The name-coiner: Nickleback's Mike Kroeger
The best-known fact about Nickelback's bass player, Mike Kroeger - other than being the half-brother of the lead singer Chad - is that he dreamt up the band's name while working at Starbucks. In almost every interview during the past 15 years, he has recited the story about how he would charge customers $1.95 for coffee and then utter the line, "here's your nickel back" while handing over their change.
"I've been asked it hundreds of times, several hundred," he says. "Since 1995 I've been answering that. It happens less now than before." But far from being cagey about the topic, Kroeger is remarkably good-humoured about it and even offers to tell the story one more time. He almost seems disappointed when I decline. During our brief discussion - ahead of the band's performance at the Gulf Bike Festival in Dubai this weekend - one topic is discussed more than any other: the band's strange relationship with the media.
Despite having sold more than 30 million albums worldwide - built on, among other things, widespread press coverage - the Canadian rockers face constant derision from critics and were recently labelled Worst Band in the World by Word magazine. The jibes are not directed just at the band's music.
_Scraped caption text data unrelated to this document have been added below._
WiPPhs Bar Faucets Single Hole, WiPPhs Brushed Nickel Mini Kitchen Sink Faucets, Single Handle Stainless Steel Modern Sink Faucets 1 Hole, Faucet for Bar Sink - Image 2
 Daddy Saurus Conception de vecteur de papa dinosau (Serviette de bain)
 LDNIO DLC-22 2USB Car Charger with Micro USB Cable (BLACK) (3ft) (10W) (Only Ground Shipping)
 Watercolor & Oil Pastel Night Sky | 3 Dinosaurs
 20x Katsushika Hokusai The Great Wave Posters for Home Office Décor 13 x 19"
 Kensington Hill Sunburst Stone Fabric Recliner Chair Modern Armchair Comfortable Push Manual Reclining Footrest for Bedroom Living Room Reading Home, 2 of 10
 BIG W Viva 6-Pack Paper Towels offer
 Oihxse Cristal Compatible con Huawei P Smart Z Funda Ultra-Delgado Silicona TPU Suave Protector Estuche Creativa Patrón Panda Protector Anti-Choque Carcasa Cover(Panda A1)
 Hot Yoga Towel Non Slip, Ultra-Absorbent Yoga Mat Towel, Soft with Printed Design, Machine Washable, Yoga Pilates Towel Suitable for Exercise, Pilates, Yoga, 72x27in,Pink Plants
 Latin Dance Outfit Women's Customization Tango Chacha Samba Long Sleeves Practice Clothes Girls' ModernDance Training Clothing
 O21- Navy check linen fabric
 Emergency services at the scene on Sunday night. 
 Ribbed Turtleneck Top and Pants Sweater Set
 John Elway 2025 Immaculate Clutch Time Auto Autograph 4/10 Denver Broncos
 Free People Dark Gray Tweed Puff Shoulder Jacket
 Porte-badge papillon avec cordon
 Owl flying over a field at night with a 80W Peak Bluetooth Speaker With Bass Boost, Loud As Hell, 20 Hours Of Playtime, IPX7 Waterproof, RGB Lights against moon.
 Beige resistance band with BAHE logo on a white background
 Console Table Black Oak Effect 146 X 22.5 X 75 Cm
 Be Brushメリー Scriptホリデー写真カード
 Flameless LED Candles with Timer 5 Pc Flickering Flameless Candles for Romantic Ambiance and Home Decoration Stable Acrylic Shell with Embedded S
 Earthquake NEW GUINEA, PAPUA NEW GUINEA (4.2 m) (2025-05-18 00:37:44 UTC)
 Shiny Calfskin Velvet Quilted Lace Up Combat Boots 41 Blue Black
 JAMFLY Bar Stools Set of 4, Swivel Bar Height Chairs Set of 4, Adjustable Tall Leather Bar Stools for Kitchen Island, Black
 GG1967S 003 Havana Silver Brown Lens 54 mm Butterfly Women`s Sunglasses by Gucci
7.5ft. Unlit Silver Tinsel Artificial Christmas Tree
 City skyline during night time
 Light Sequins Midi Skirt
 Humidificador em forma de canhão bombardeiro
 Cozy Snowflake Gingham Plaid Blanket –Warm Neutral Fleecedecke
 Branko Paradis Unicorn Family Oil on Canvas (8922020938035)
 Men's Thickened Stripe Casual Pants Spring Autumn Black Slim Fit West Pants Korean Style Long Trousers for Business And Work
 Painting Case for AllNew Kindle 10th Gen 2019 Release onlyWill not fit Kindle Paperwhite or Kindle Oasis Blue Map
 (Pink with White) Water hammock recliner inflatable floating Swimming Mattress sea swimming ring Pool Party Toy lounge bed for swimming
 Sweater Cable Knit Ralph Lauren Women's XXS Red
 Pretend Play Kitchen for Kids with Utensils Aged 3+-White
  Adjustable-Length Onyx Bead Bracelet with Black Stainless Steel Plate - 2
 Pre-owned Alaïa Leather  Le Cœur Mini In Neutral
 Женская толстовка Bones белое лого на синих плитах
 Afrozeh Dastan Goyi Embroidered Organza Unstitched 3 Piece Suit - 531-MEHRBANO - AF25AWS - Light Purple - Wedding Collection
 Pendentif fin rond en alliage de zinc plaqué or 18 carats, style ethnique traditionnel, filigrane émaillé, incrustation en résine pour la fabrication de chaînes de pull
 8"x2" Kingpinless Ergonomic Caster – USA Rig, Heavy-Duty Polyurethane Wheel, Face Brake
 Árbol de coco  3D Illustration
In 2007, several major publications picked on Chad Kroeger after he was ranked the sixth unsexiest man in the world on the little-known website thephoenix.com.
Perhaps unsurprisingly, Mike Kroeger thinks of his brother - who has penned such songs as How You Remind Me and Rockstar - rather differently. "Over the last 10 years, Chad has grown as a songwriter tremendously and become a phenomenon," he says. "This guy throws away ideas that other people would call hits. It's really, really incredible to see. I honestly don't know how he does that." But when asked why his band receives such a constant drubbing from the press, Kroeger says he believes the answer lies not in Nickelback's music, but in the machinations of the worldwide media.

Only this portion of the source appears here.